Solar energy—power from the sun—is free and inexhaustible. This vast, clean energy resource represents a viable alternative to the fossil fuels that currently pollute our air and water, threaten our public health, and contribute to global warming. Failing to take advantage of such a widely available and low-impact resource would be a grave injustice to our children and all future generations.

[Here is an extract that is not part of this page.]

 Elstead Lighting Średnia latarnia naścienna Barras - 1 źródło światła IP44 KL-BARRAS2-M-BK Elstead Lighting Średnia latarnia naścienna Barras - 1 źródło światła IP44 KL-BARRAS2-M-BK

In the broadest sense, solar energy supports all life on Earth and is the basis for almost every form of energy we use. The sun makes plants grow, which can be burned as “biomass” fuel or, if left to rot in swamps and compressed underground for millions of years, in the form of coal and oil. Heat from the sun causes temperature differences between areas, producing wind that can power turbines. Water evaporates because of the sun, falls on high elevations, and rushes down to the sea, spinning hydroelectric turbines as it passes. But solar energy usually refers to ways the sun’s energy can be used to directly generate heat, lighting, and electricity.

The Solar Resource

The amount of energy from the sun that falls on Earth’s surface is enormous. All the energy stored in Earth's reserves of coal, oil, and natural gas is matched by the energy from just 20 days of sunshine. Outside Earth's atmosphere, the sun's energy contains about 1,300 watts per square meter. About one-third of this light is reflected back into space, and some is absorbed by the atmosphere (in part causing winds to blow). By the time it reaches Earth's surface, the energy in sunlight has fallen to about 1,000 watts per square meter at noon on a cloudless day. Averaged over the entire surface of the planet, 24 hours per day for a year, each square meter collects the approximate energy equivalent of a barrel of oil each day, or 4.2 kilowatt-hours of energy.

This figure varies by location and weather patterns. Deserts, with very dry air and little cloud cover, receive the most sun—more than six kilowatt-hours per day per square meter. Northern climes, such as that of Boston, get closer to 3.6 kilowatt-hours. Sunlight varies by season as well, with some areas receiving very little sunshine in the winter. Seattle in December, for example, gets only about 0.7 kilowatt-hours per day.

These figures represent the maximum available solar energy that can be captured and used, but solar collectors capture only a portion of this, depending on their efficiency. For example, a one square meter solar electric panel with an efficiency of 15 percent would produce about one kilowatt-hour of electricity per day in Arizona.